▶ **Task statement**
A faithful, word-for-word copy of the data below is required, without pictures.

▶ **Data segment**

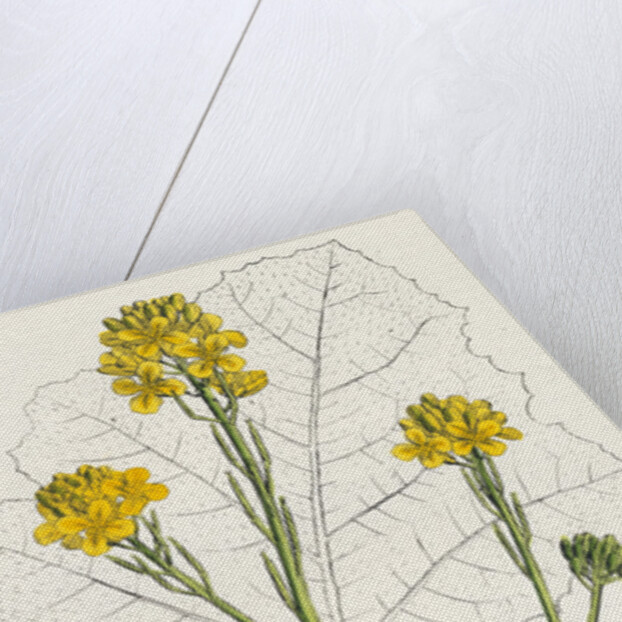 Brassica Nigra Black Mustard by Anonymous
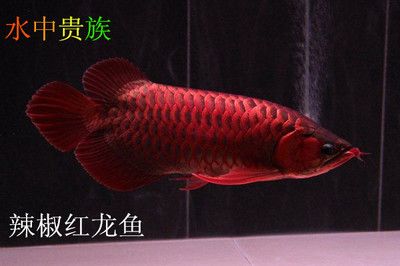 頂級(jí)紅龍魚(yú)品牌有哪些品種的魚(yú)：頂級(jí)紅龍魚(yú)品牌有哪些品牌的紅龍魚(yú) 龍魚(yú)百科 第2張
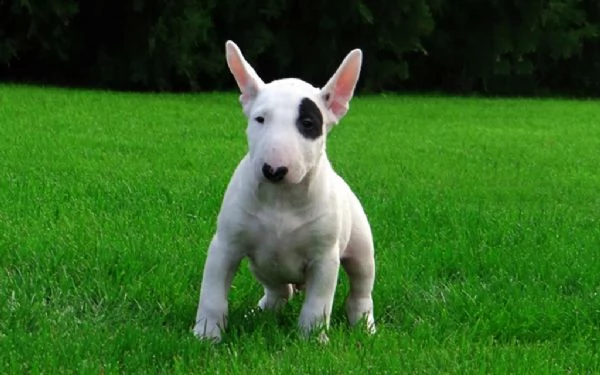 bulldog inglese cuccioli introvabili cuccioli di bulldog inglese albicoca intelligenti e dolcissimi  | Foto 0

▶ **Your response**
 Brassica Nigra Black Mustard by Anonymous
 頂級(jí)紅龍魚(yú)品牌有哪些品種的魚(yú)：頂級(jí)紅龍魚(yú)品牌有哪些品牌的紅龍魚(yú) 龍魚(yú)百科 第2張
 bulldog inglese cuccioli introvabili cuccioli di bulldog inglese albicoca intelligenti e dolcissimi  | Foto 0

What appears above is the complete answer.